Au mois de juillet 2011, j’ai pris un vol direct pour Kaboul. Pendant plusieurs semaines, je mené une quête tenace pour retrouver mes témoins. De temps à autre, je pris mon téléphone pour avoir des nouvelles de mon fils, resté en France. La suite sera l’histoire de ces retrouvailles, nouées au fur et à mesure de mes recherches. Chaque soir, j’écris un pan de leur histoire. Des épisodes pénibles, des longs cauchemars noir sur blanc, qui n’en finissent plus de se dérouler.
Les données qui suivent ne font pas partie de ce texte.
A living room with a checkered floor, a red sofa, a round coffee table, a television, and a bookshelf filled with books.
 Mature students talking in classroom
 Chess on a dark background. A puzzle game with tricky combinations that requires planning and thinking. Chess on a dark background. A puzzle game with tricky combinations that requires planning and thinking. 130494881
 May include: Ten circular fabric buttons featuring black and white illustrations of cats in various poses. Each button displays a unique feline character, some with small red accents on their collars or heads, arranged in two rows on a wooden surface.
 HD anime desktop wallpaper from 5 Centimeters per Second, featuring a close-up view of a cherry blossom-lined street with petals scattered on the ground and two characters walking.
Face à cette haine qu’ils combattent à main nue, j’ai cru plusieurs fois qu’ils allaient abandonner. Mais les Afghans ne se couchent jamais devant l’adversité. Ils préfèrent la raconter sans s’apitoyer. Dire simplement comment ils ont survécu à cruauté des uns et à la trahison de tous. Enfin, comment ils sont passés sans transition, une fois de plus, du tombeau des talibans à la nécropole des forces étrangères.